## The input
:::
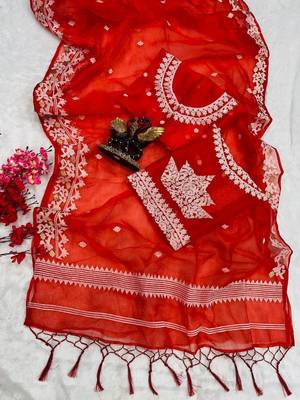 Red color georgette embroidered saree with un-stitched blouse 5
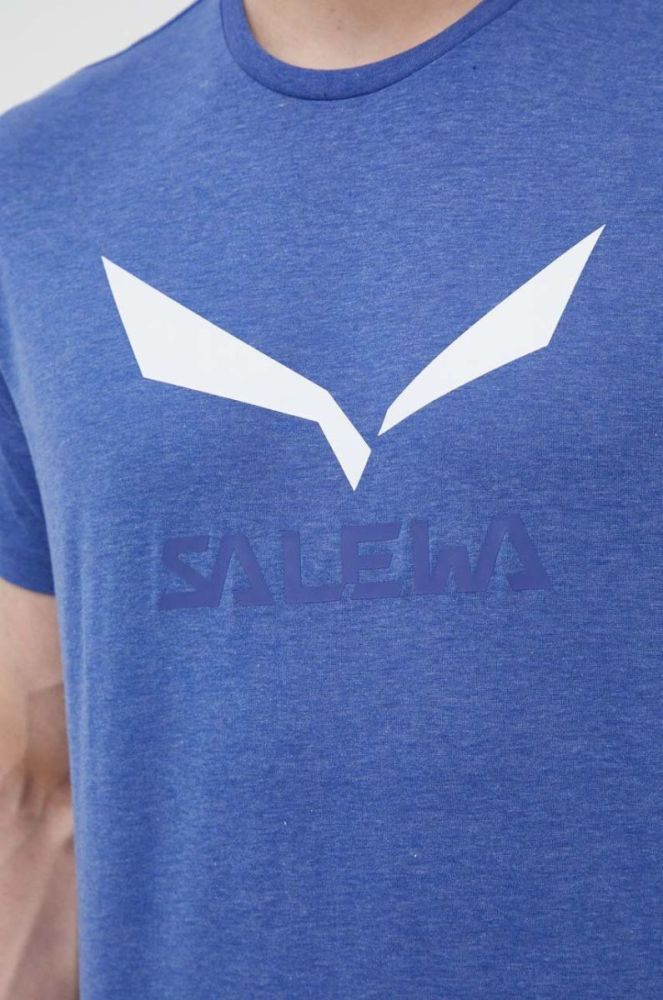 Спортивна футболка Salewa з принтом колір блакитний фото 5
:::
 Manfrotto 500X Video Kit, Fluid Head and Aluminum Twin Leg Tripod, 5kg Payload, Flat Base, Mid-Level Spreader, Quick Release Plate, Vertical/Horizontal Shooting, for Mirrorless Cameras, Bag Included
:::
## Try it
The answer must be the part of the records that opens with the line containing "Red color georgette" and closes with the line containing "Спортивна футболка Salewa", reproduced exactly, with no pictures.

## Response to the exercise
 Red color georgette embroidered saree with un-stitched blouse 5
 Спортивна футболка Salewa з принтом колір блакитний фото 5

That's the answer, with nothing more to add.